Thursday, April 21, 2011

WC Fields Forever: The Film Forum, NYC, starting Friday 4/22


It's impossible to avoid ballyhooing it up when announcing the seminal event in mine or any other film drunkard's life, the Film Forum's WC Fields retrospective, beginning tomorrow, Friday April 22nd. Unless I'm mistaken it includes every single film--even the silents and shorts--the Great Man ever appeared in. If you're unfamiliar with Fields, think Hank Quinlan in TOUCH OF EVIL if he drank more and strangled Akim Tamiroff less; think Nic Cage in LEAVING LAS VEGAS if he didn't leave, and didn't care about sex, love, or any form of gambling he couldn't cheat at; think Ray Milland in LOST WEEKEND if he stopped cringing and learned to laugh at the mouse-eating bats in his belfry. In fact, Fields would size up these aforementioned cinematic drunks and proclaim them a lot of "sissies." (He'd probably tolerate Geoffrey in UNDER THE VOLCANO, though).

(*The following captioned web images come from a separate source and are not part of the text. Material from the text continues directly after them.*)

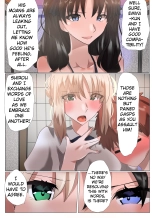 Emiya's Harem Paradise : página 11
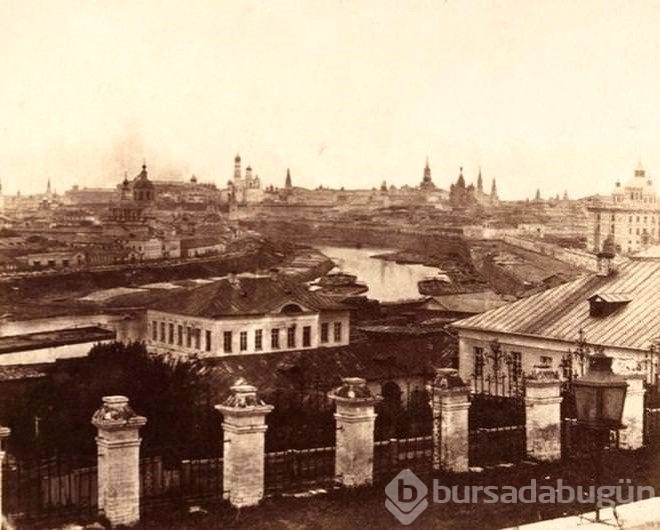 Tarihi fotoğraflar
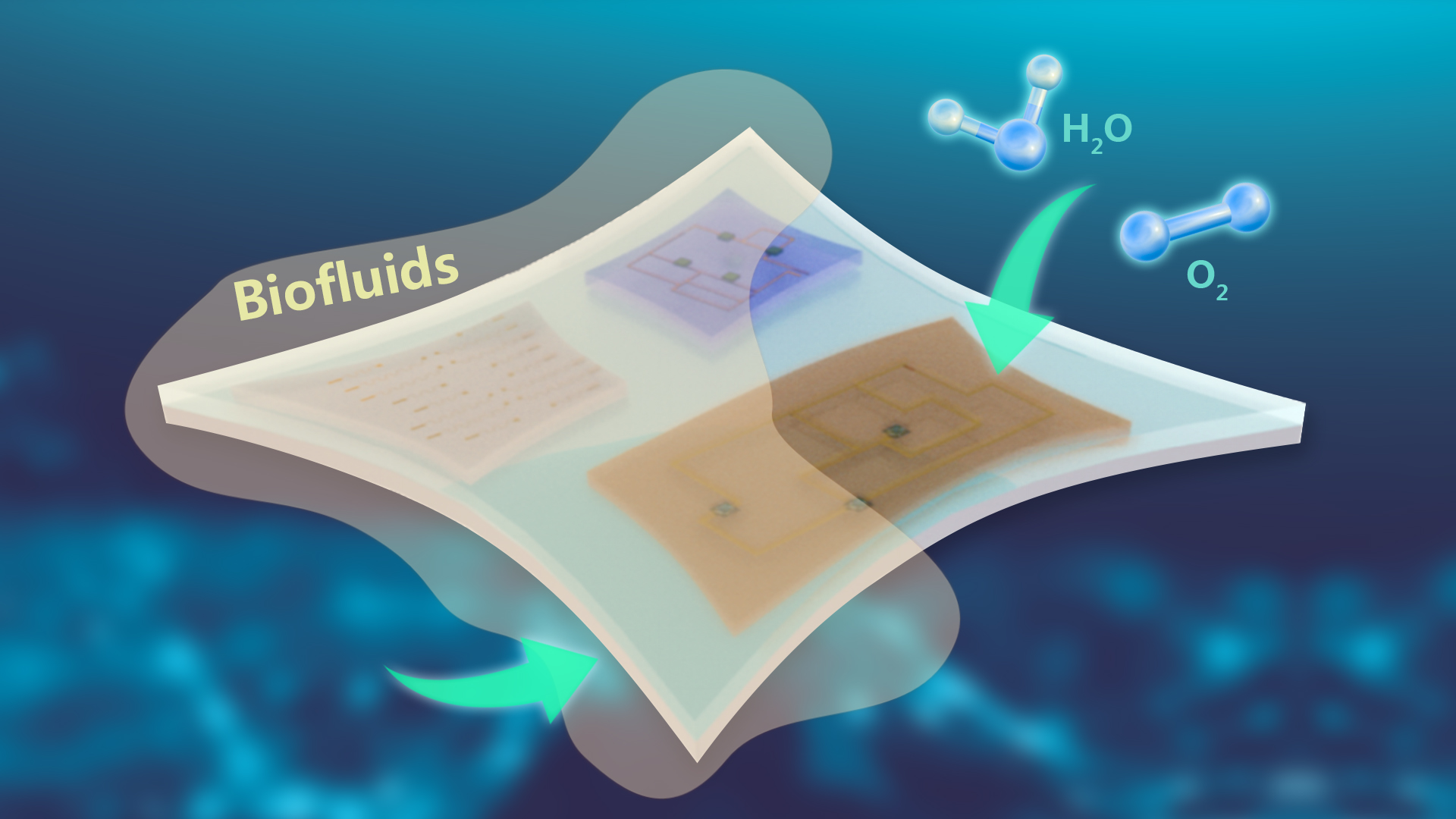 Hermetic stretchable seals enabled by viscoplastic surface effect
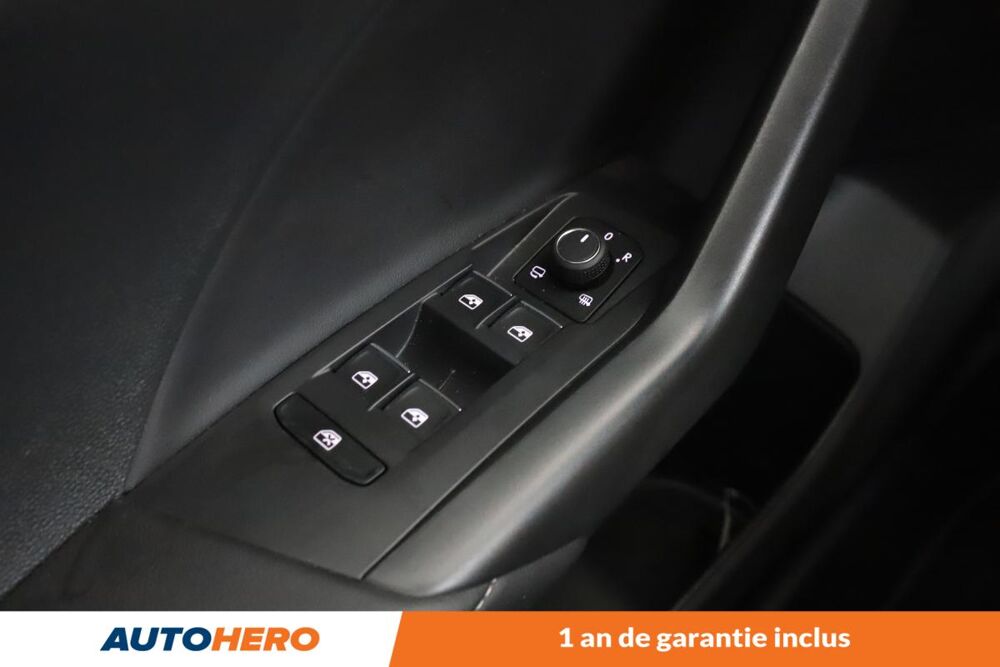 T-Cross 1.0 TSI R-Line Edition DSG7 115 ch 2025 occasion 92130 Issy-les-Moulineaux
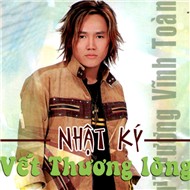 Nhật Ký Vết Thương Lòng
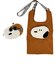【当商品送料無料】ルートート ROOTOTE ショルダーバッグ 8458 通販 スヌーピー SNOOPY エコバッグ 大きめ A4 斜めがけバッグ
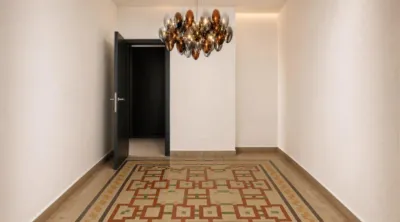 Apartment in Russafa photo 24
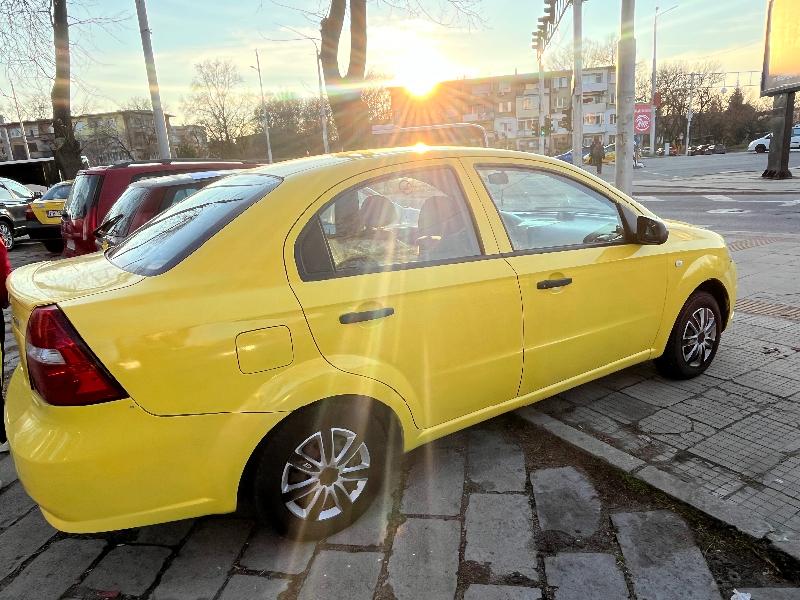 Chevrolet Aveo 1.2 - изображение 3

Ironically, Fields never hit the big time until he was old, and almost dead, in THE BANK DICK. But he worked all through the silent era, and in Vaudeville, where he was huge, and came from a literal hard-knock life as a child in Philadelphia, a life few of us will hopefully ever come close to having. That trauma and pain was used by him as the ailment for which booze was the cure, and his clear-eyed ambivalence about the death he was drinking himself to is reflected in his existential gallows humor.

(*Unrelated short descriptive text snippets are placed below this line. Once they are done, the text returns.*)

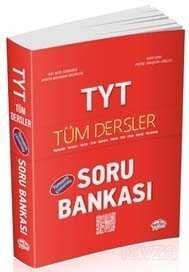 TYT Tüm Dersler Soru Bankası - 1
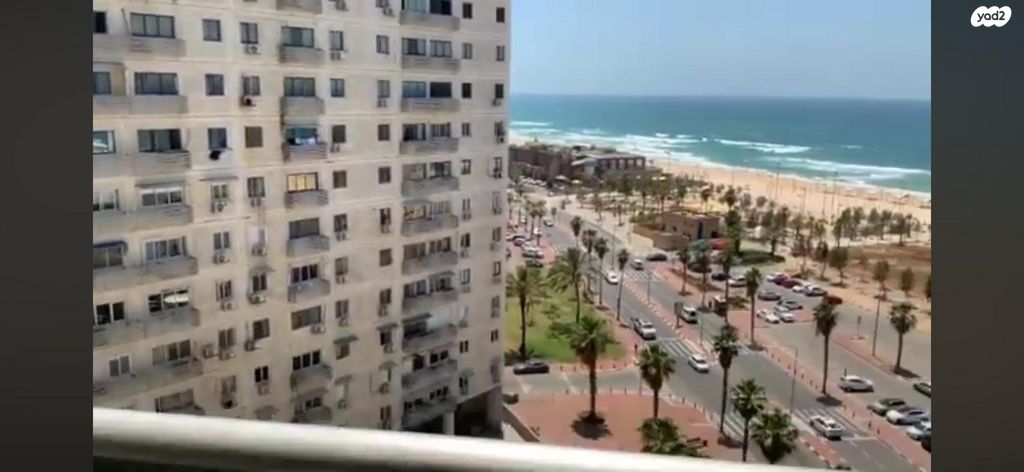 דירה, הטיילת, רובע א', אשדוד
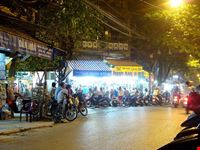hanoi nightlife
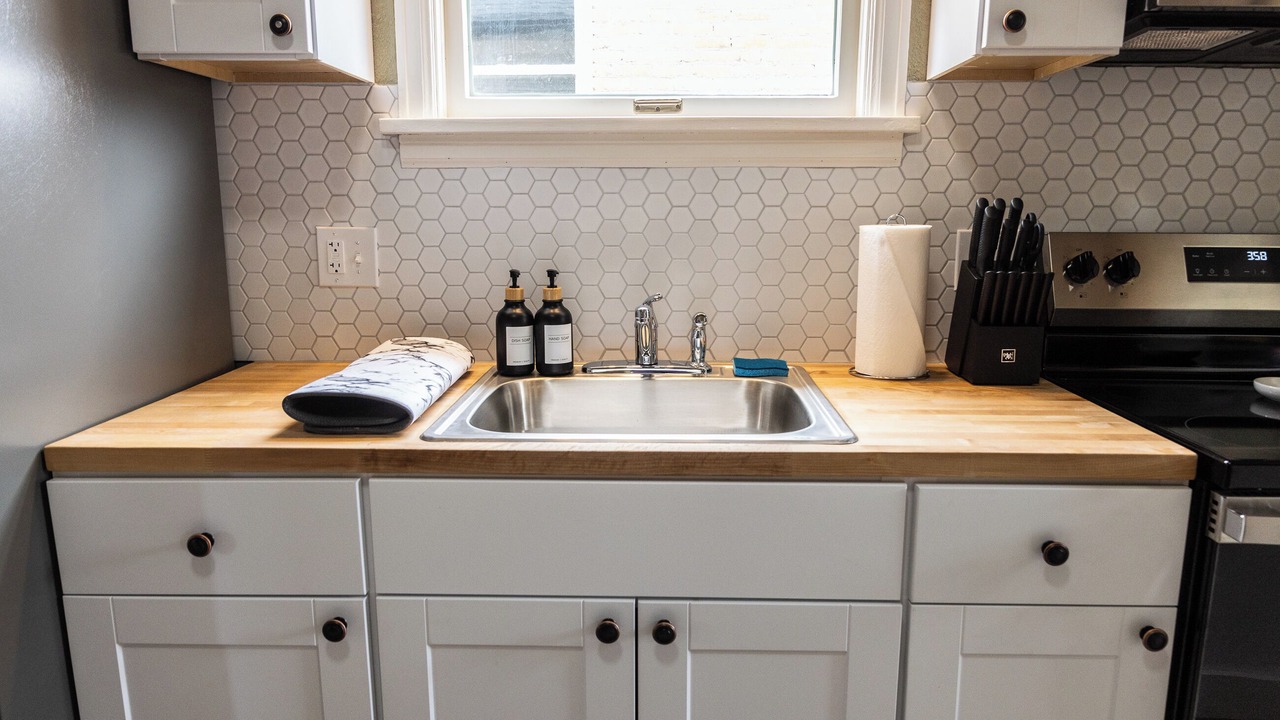 Photo of Kitchen in Butte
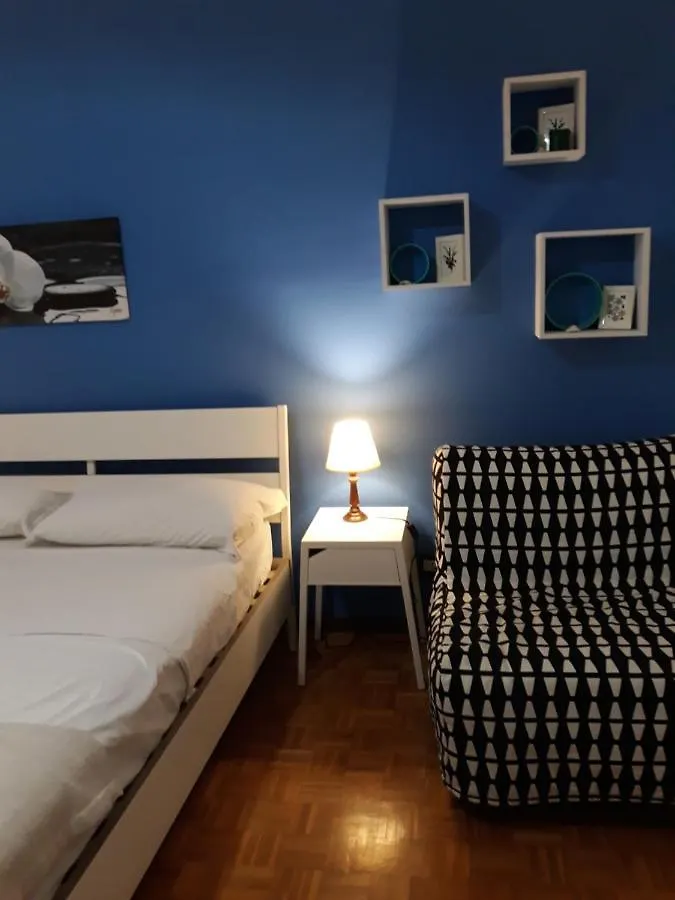 Nocleg ze śniadaniem My Sweet Rooms Rzym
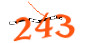 Enter the character string shown in the picture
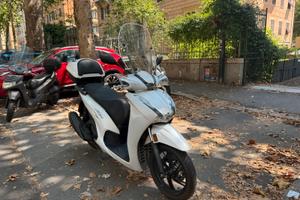Honda Sh 350 2024 7200km
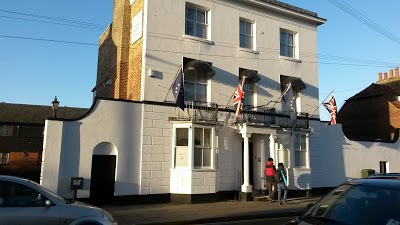 The Canterbury Hotel, Canterbury, United Kingdom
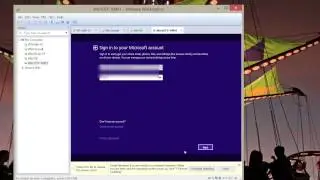 Running Windows 10 Technical Preview on VMware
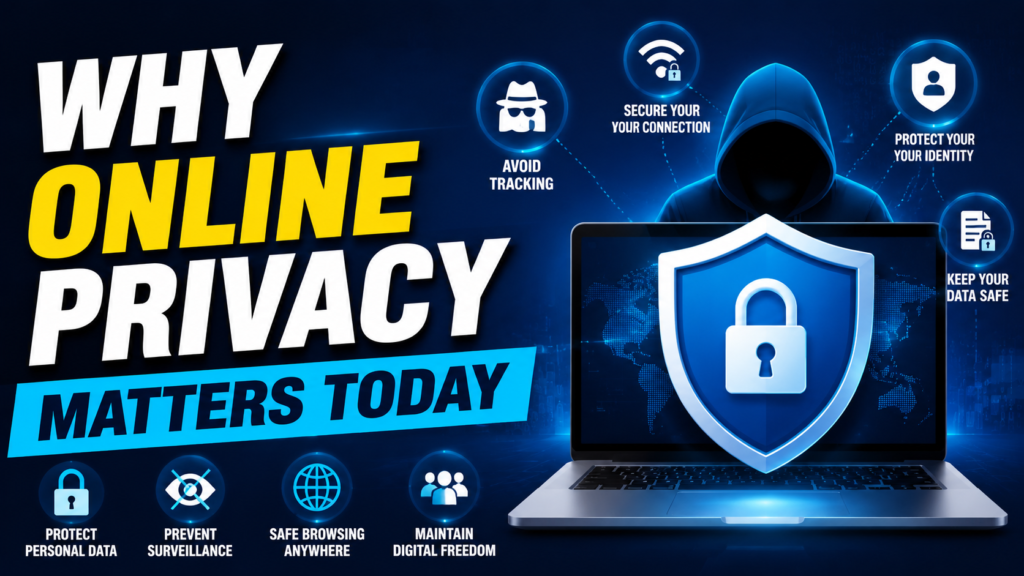 Ivacy VPN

As for women, no luck or much interest sexually, but he loved to have young girls around--daughters, nieces, visiting princesses--and tolerated a slew of shrewish wives while generally steering clear of intimacy or most other physical endeavors outside of juggling, golf, deep elbow-bending, and pool, at which he was a master. He was married to booze, period, and like all true drunks, this singleness of purpose made him an almost holy figure, sanctifying him in film after film as the caretaker of abandoned orphan-style tykes and studio proteges. They were safer with Fields in his cups than they would be with any priest or adopted 'righteous' parents. Fields ferried orphans to rich relatives in SALLY IN THE SAWDUST, and POPPY while 'saving' a princess's life in YOU'RE TELLING ME, and protecting his daughter from bullies and/or suitors in MILLION DOLLAR LEGS, THE BANK DICK, and MAN ON THE FLYING TRAPEZE. He also was given a niece in NEVER GIVE A SUCKER AN EVEN BREAK. Perfect companions to this staggering talent, these girls and Fields worked together in a way that was surprisingly touching, especially considering Fields' rep as a reprobate and raconteur.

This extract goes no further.